The COMMAND Center Wireless system provides two methods for data retrieval: direct and indirect download. “Direct download” allows the user to collect data from the sensor and transfer the data via Bluetooth to an app on any iOS device (iPhone, iPad, iPod). The user can immediately view and analyze temperature and strength data in the app, which can also instantly sync data to the cloud or export data files and reports via email.
“Indirect download” allows the user to transfer and store data onto the SRM using the Save button and then transfer via Bluetooth to the app later when it’s more convenient. The indirect method offers an alternative means for data retrieval that can be particularly useful when a Bluetooth connection is not immediately available or reliable in the field or when a technician that does not have an iOS device is tasked with collecting data.
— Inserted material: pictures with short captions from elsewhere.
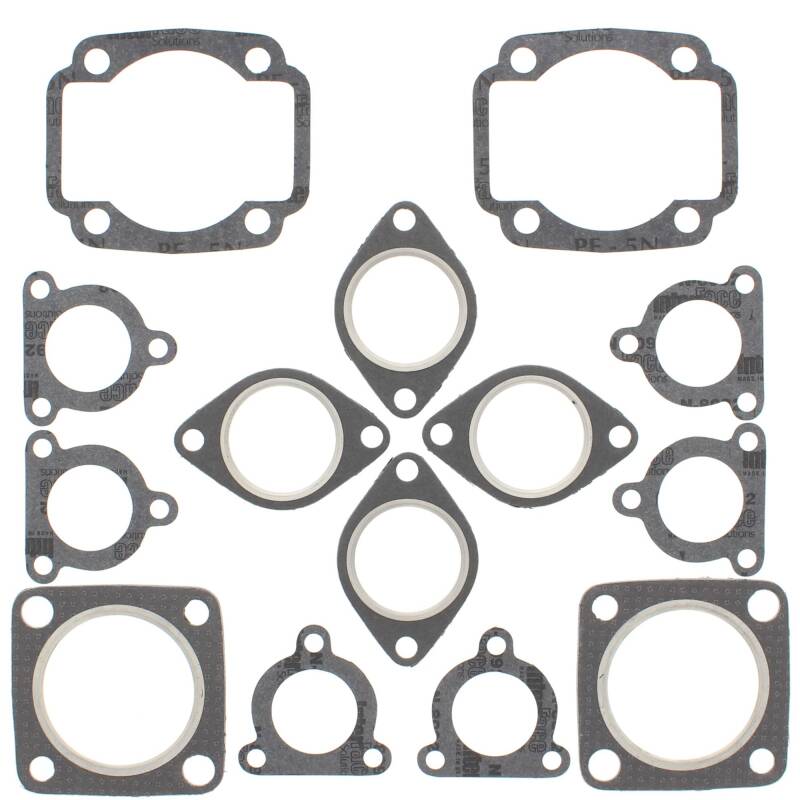 Picture of Vertex Gaskets 97-98 Arctic Cat Bear Cat 440 Top End Gasket Kit
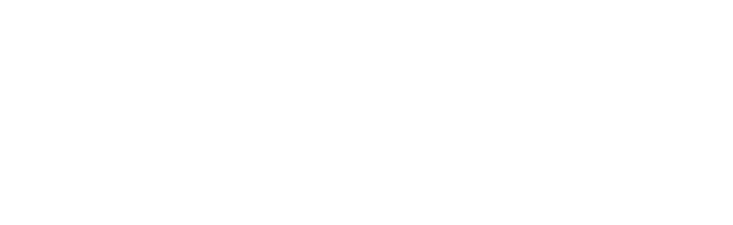 TuStreams Logo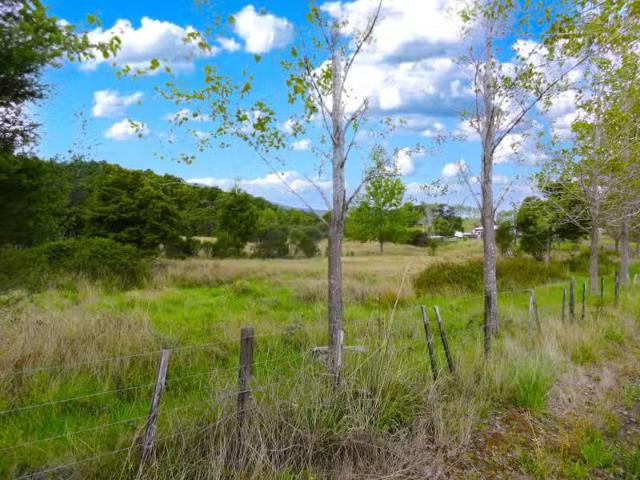 House for sale in Arapohue, Northland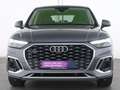 Audi Q5 Sportback S-Line Matrix|Pano|Business-Paket Grau - thumbnail 3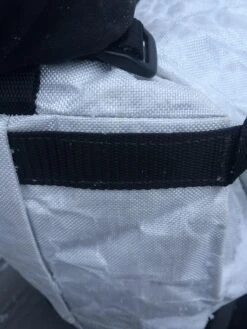 Hyperlite Mountain Gear Dyneema Summit Pack -Outdoor Camping Sales image 6007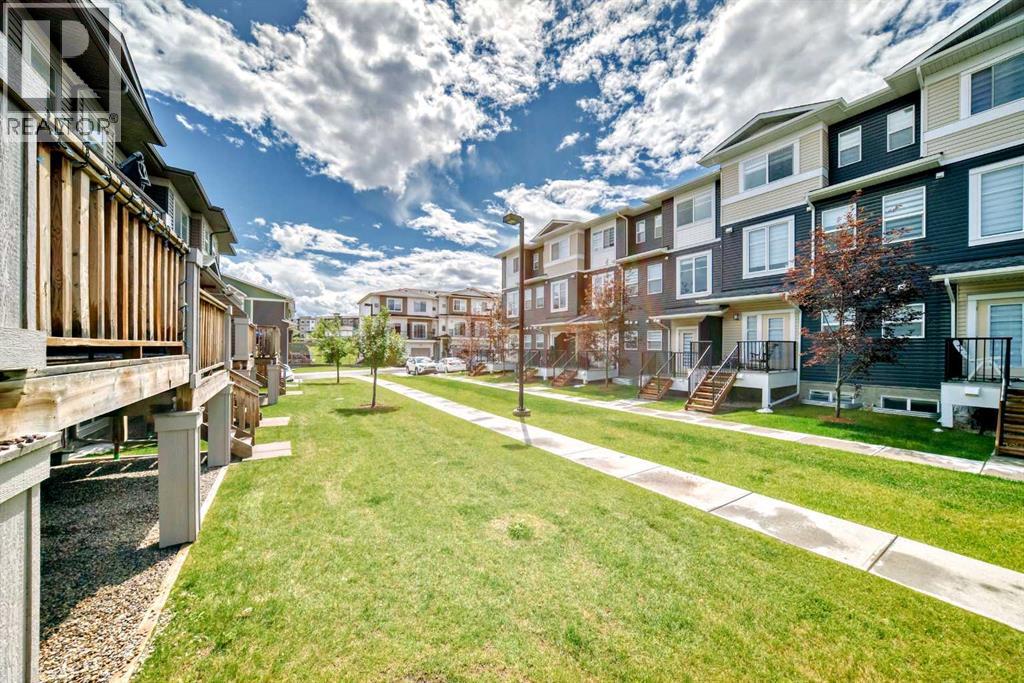 528 Sage Hill Grove Nw, Calgary, Alberta  T3R 0Z8 - Photo 29 - A2235163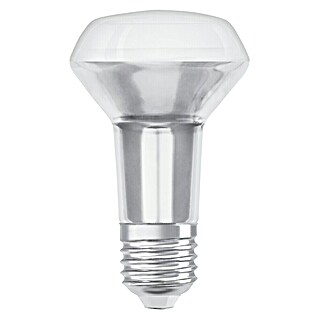 Osram Star Bombilla LED Retrofit R63 (E27, No regulable, Blanco cálido, 210 lm, 2,6 W)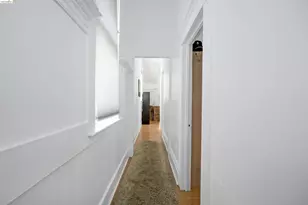 2654 Bush St, San Francisco, CA 94115 - Photo 56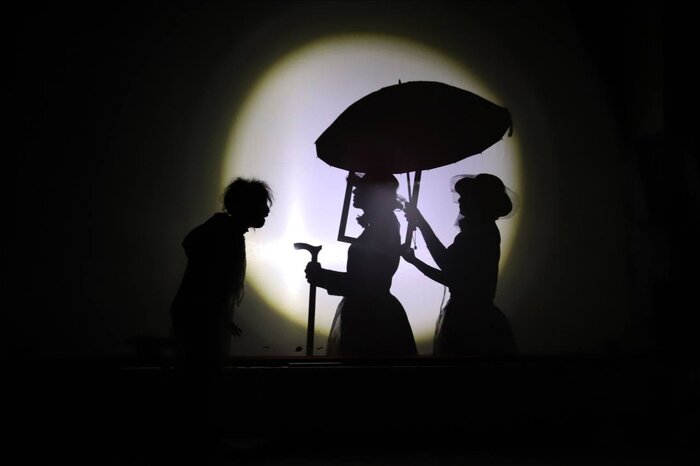 از دو اجرایی شدن «منگی» تا «نوشتن بر مرز باریک نیاز»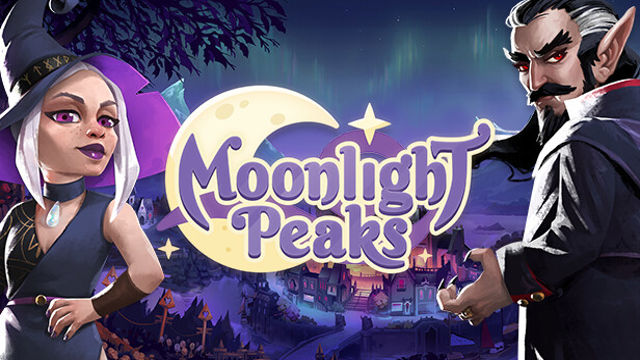 Tải game Moonlight Peaks v1.2.6-P2P Tải game Moonlight Peaks v1.2.6-P2P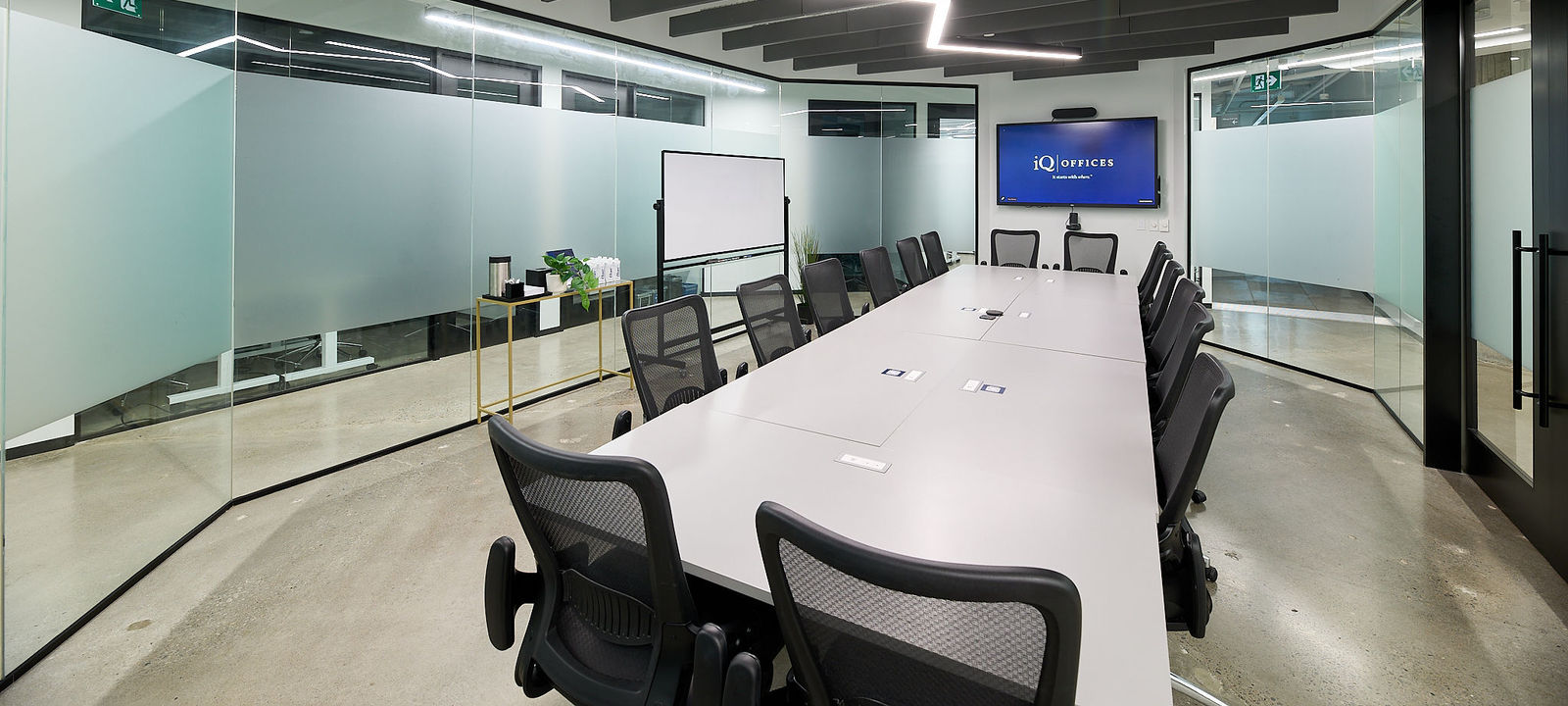 150 King Street West, Toronto - Image 1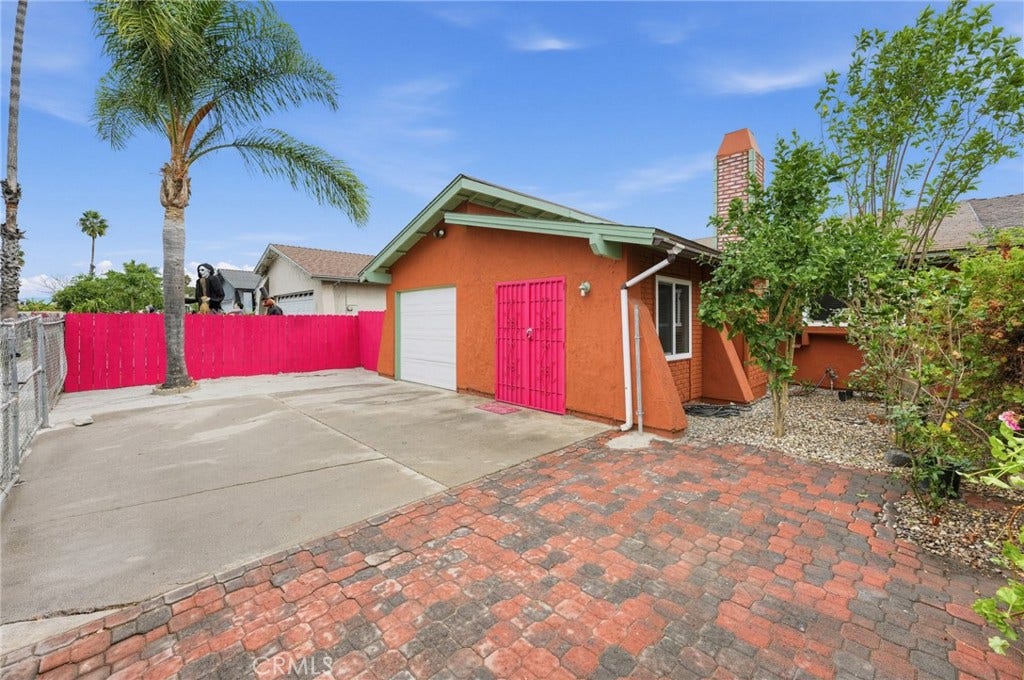 4753 Calle Estrella, Oceanside, CA 92057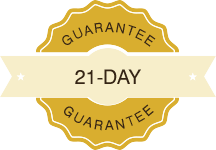 21 Day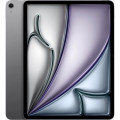 Apple Планшет Apple iPad Air 13" M4 WiFi 128GB Space Grey (MH5N4TY/A)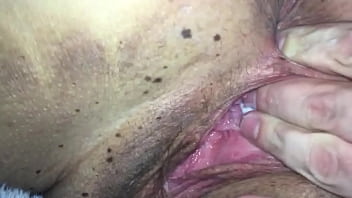 Adult Jizz
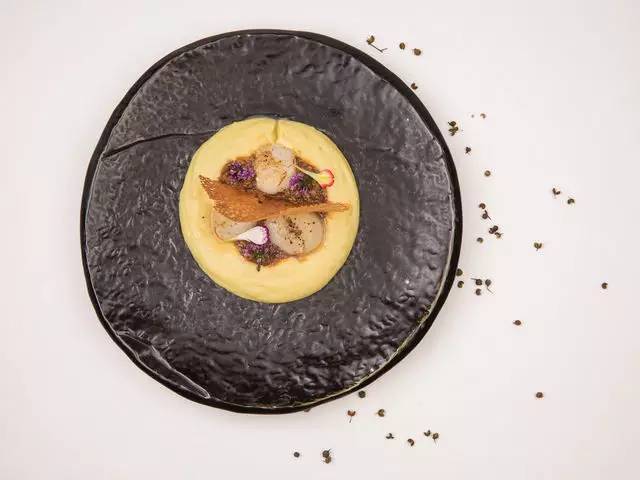 女神勿点｜这份苏州顶级餐厅超值攻略仅限本周，请男神们好好表现！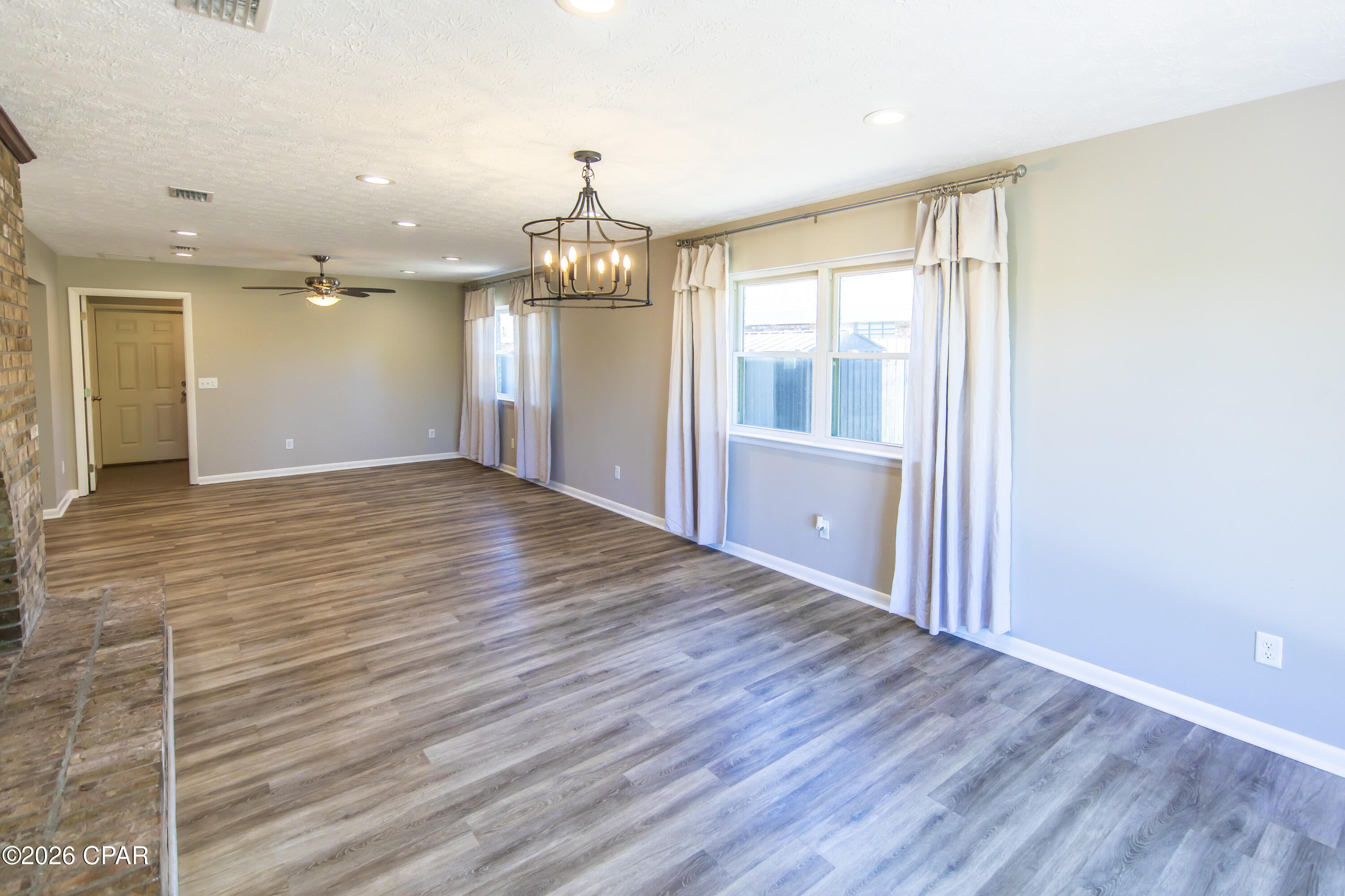 6501 Heather Marie Lane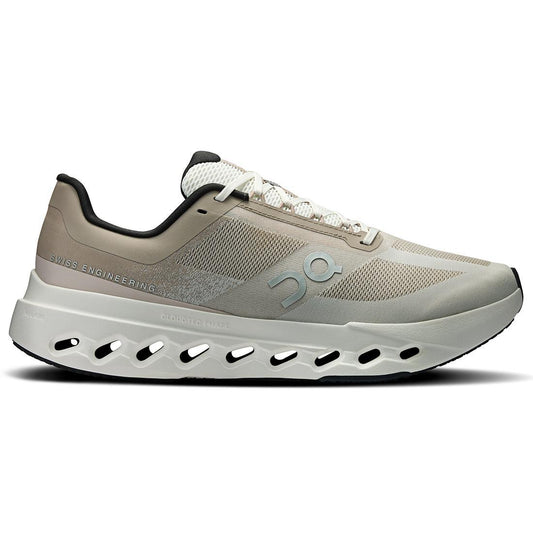 MENS CLOUDSURFER NEXT
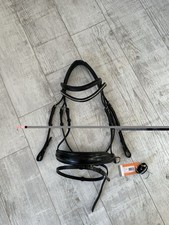 Schockemöhle Trense Stanford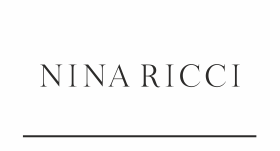 Produkty marki Nina Ricci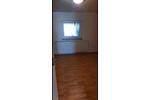 Terrassenwohnung Denkingen - 4 Zimmer, 89 m&sup2;, 1.000&euro; | Angebot:26534288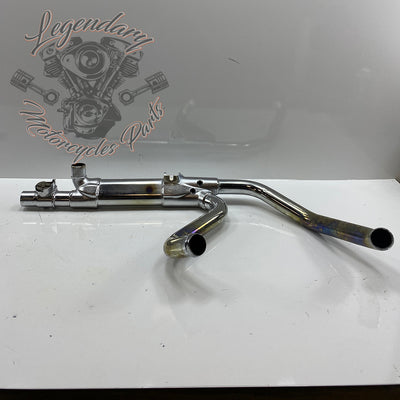 Collettore di scarico OEM 66849-10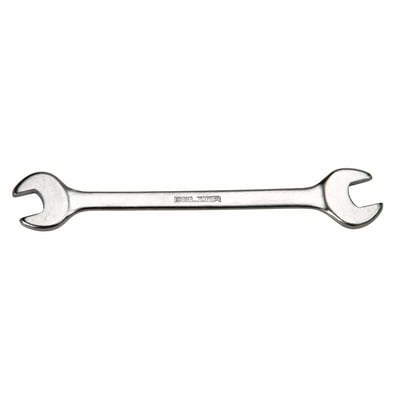 Chave fixa 6 mm x 7 mm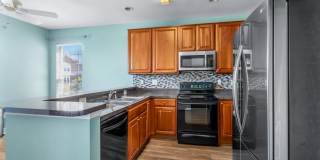 5900 GREAT STAR Drive Gallery 6
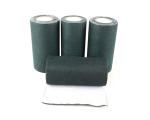 Wholesale Price Waterproof Gym Lawn Tape For Outdoor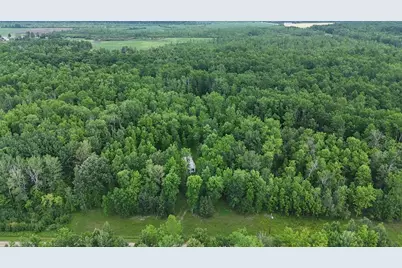 42228 County Road 234, Cohasset, MN 55721 - Photo 4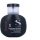 Alfaparf Milano Semi di Lino Sublime Cellula Madre Nourishment Multiplier 150ml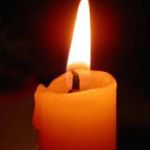 Caroline Blot - Instagram Profile Picture of Caroline Blot (@carolineblot23) on Instagram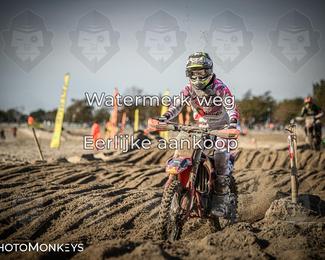 Strandcross Lemmer 2025 photo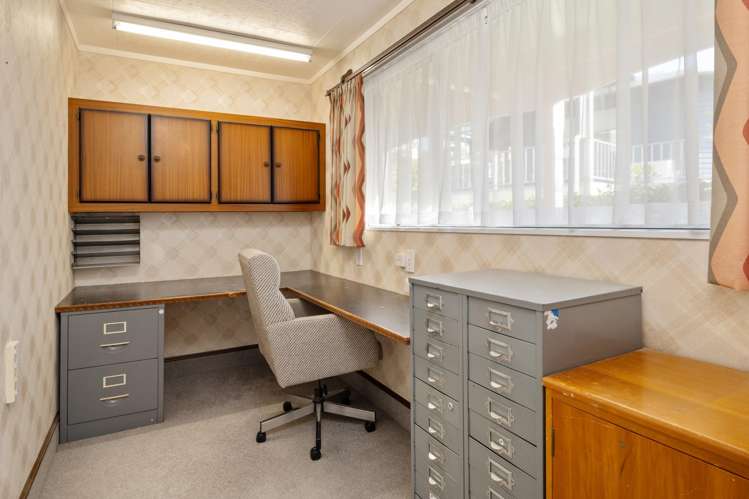 6a Seaview Crescent Picton_19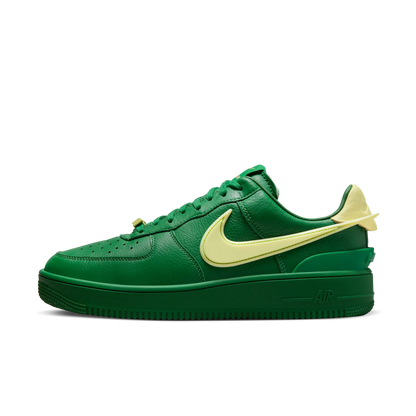 Nike AF1 Ambush Pine Green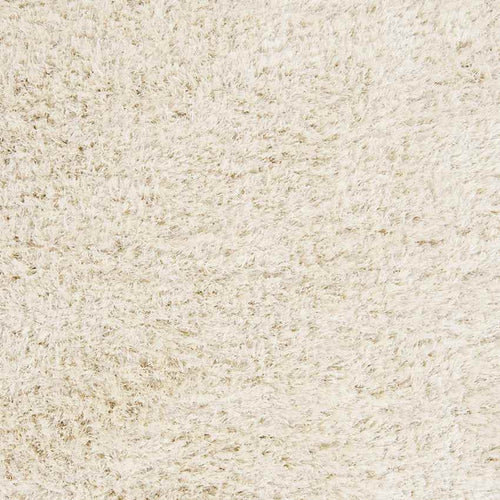Etampes Modern Cream Area Rug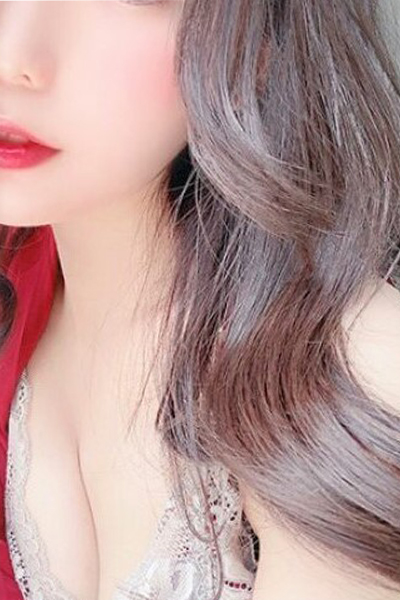 りおのプロフィール写真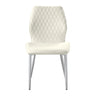 Hollis Side Chair image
COMMAND Center Wireless is affordable and makes it very easy to get started since more costly data collection devices are purely optional. SRMs are just $99, and any concrete project needs a minimum of one. The SRM is reusable from project to project. Sensors start at $35 each, and the iOS app, as well as the compatible Windows software, are free.
COMMAND Center also offers a great deal of flexibility in that users are not limited to only using the SRM for data collection. All data is stored on the sensor and can be download via USB cable to a Windows device or via Serial cable to a Windows Mobile device. Whatever method is used to collect data, the sensors come pre-configured to the user requirements so that there is no need to initiate or turn on the sensor itself. This saves time during installation and allows the sensors to be in place well before the concrete is even poured, if desired.
What does all of this mean for your concrete project?
The non-embedded Bluetooth transmitter system that COMMAND Center offers provides multiple options for retrieving data, drastically reducing the risk of data loss and the cost per sensor installation of any given project.
Imagine you are waiting to pour the next story for a high-rise and are on a tight schedule, but you need to make sure the concrete has reached sufficient strength before performing post-tension operations. You open up the COMMAND Center app to retrieve sensor data, but Bluetooth service isn’t working. It’s been working off and on throughout the whole project so far—you think the nearby power lines are interfering with the signal. You don’t stress about the spotty signal, because you know you have alternative options with COMMAND Center. You go ahead and manually press the ‘save’ button on your SRMs. Your data is successfully retrieved, and you’ll be able to view it later when you open your app away from the power lines causing the interference.
A couple months later you’re working on a new project that will require 500 sensors. Luckily, you already invested in COMMAND Center’s affordable SRM devices and only have to purchase sensors instead of a combined sensor and transmitter package for each location to be monitored. This decision will end up saving you tens of thousands of dollars.
What is more important for your project?
Using a non-embedded transmitter and having a few feet of cable coming out of the concrete? Or, having no cable coming out of the concrete but having an increased risk of data loss, a restriction on data collection options, and in most cases, paying around three times the overall cost?